#### WHAT IS REQUIRED:
The entries are to be repeated exactly, with all pictures omitted.

--- INFORMATION GIVEN ---

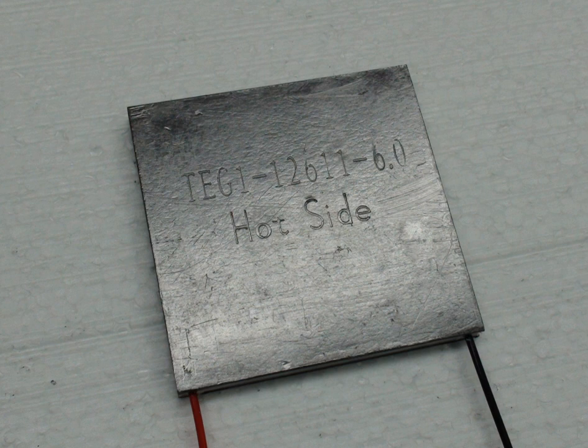The vast majority of TECs have an ID printed on the cooled side. These universal IDs clearly indicate the size, number of stages, number of couples, and current rating in amps, as seen in the adjacent diagram.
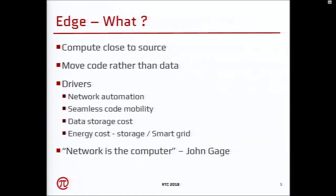We can think of the network itself as the computer. That was said in the early 90s — John Gage, who was a chief researcher at Sun, said 'the network is the computer,' and that's exactly what we are looking at.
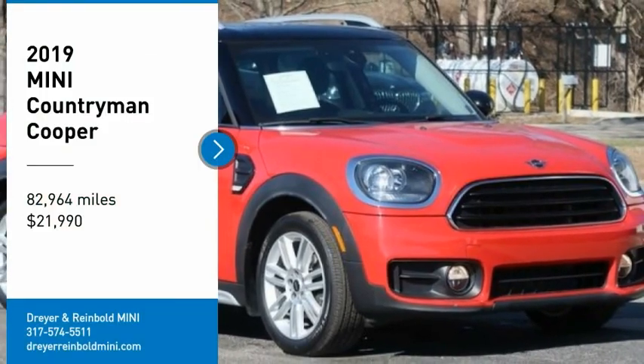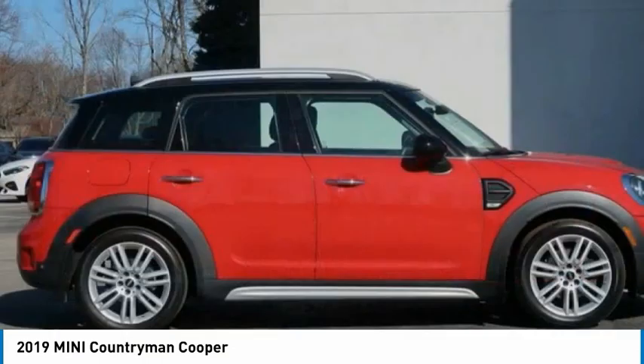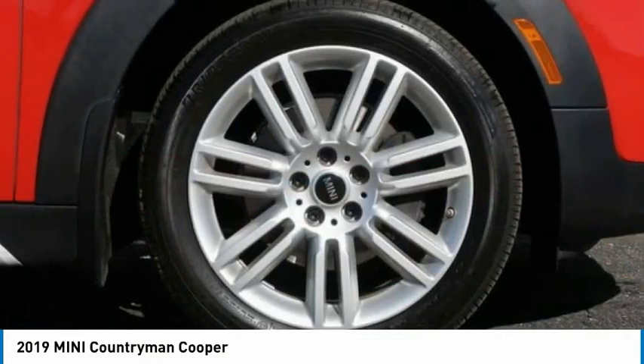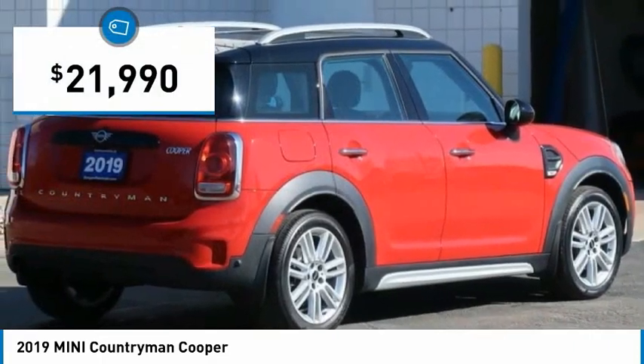We are pleased to show you the 2019 Countryman. The Countryman is a bright idea — four doors, more interior space, and positioning that evokes the rally heritage of the original Mini. And it is priced below $25,000.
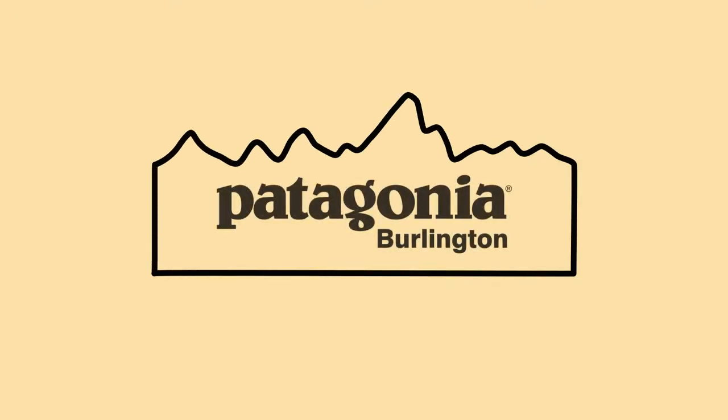Hey everyone, my name is Josh, the warranty and returns manager here at your locally owned and operated Patagonia Burlington store. I'm here to talk to you today about Patagonia's warranty, which they call the Iron Clad Guarantee, and that covers manufacturing defects and user satisfaction for the lifetime of any Patagonia product.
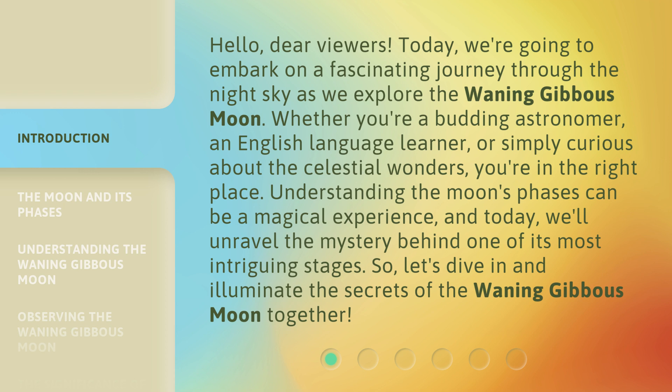Understanding the moon's phases can be a magical experience, and today we'll unravel the mystery behind one of its most intriguing stages. So, let's dive in and illuminate the secrets of the waning gibbous moon together.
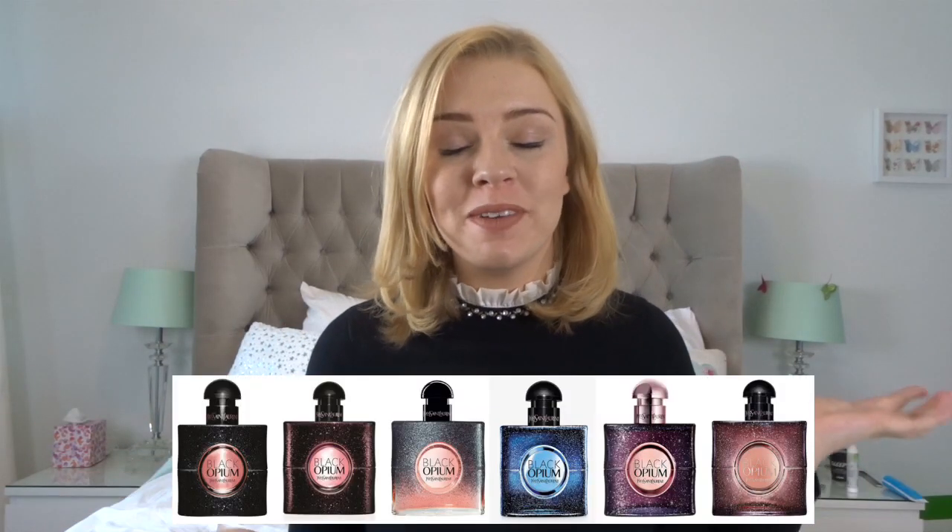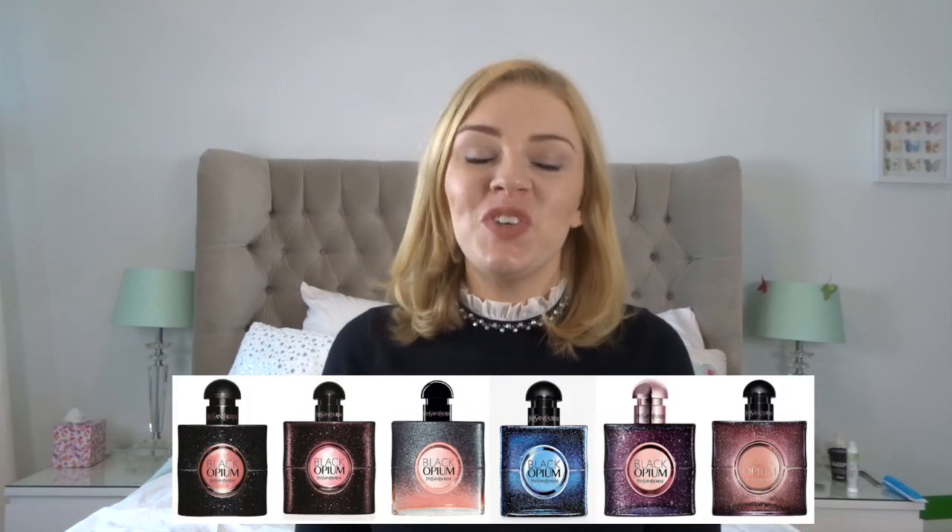Hi everyone, welcome back to my channel. Today I am going to take you through the Black Opium perfume range from Yves Saint Laurent. I know you guys have been really enjoying my rundowns of the different perfume ranges that are out there, and I thought this one would be helpful as well.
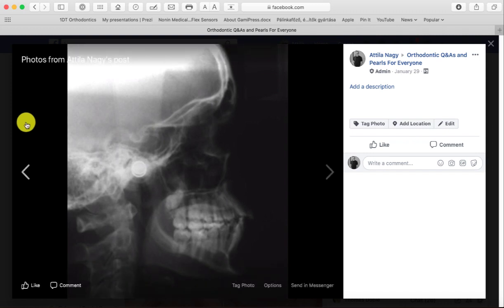Hi, this is Dr. Nagy from the Nagy Orthodontic Academy. We are just going to review this case that a lot of people had questions about. This is just a case from a forum — it's not my case, but it's a typical case that you often see.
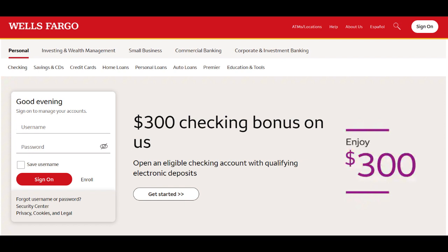Moreover, Wells Fargo, as a well-established financial institution, offers a comprehensive range of investment options for Roth IRA account holders. This flexibility allows you to tailor your investment strategy to align with your specific retirement goals and risk tolerance. Whether you prefer stocks, bonds, mutual funds, or other investment vehicles, Wells Fargo provides a platform to build a diversified and well-balanced retirement portfolio.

---

#### RESPONSE TO THIS TASK:
The vast majority of TECs have an ID printed on the cooled side. These universal IDs clearly indicate the size, number of stages, number of couples, and current rating in amps, as seen in the adjacent diagram.
We can think of the network itself as the computer. That was said in the early 90s — John Gage, who was a chief researcher at Sun, said 'the network is the computer,' and that's exactly what we are looking at.
We are pleased to show you the 2019 Countryman. The Countryman is a bright idea — four doors, more interior space, and positioning that evokes the rally heritage of the original Mini. And it is priced below $25,000.
Hey everyone, my name is Josh, the warranty and returns manager here at your locally owned and operated Patagonia Burlington store. I'm here to talk to you today about Patagonia's warranty, which they call the Iron Clad Guarantee, and that covers manufacturing defects and user satisfaction for the lifetime of any Patagonia product.
Understanding the moon's phases can be a magical experience, and today we'll unravel the mystery behind one of its most intriguing stages. So, let's dive in and illuminate the secrets of the waning gibbous moon together.
Hi everyone, welcome back to my channel. Today I am going to take you through the Black Opium perfume range from Yves Saint Laurent. I know you guys have been really enjoying my rundowns of the different perfume ranges that are out there, and I thought this one would be helpful as well.
Hi, this is Dr. Nagy from the Nagy Orthodontic Academy. We are just going to review this case that a lot of people had questions about. This is just a case from a forum — it's not my case, but it's a typical case that you often see.
Moreover, Wells Fargo, as a well-established financial institution, offers a comprehensive range of investment options for Roth IRA account holders. This flexibility allows you to tailor your investment strategy to align with your specific retirement goals and risk tolerance. Whether you prefer stocks, bonds, mutual funds, or other investment vehicles, Wells Fargo provides a platform to build a diversified and well-balanced retirement portfolio.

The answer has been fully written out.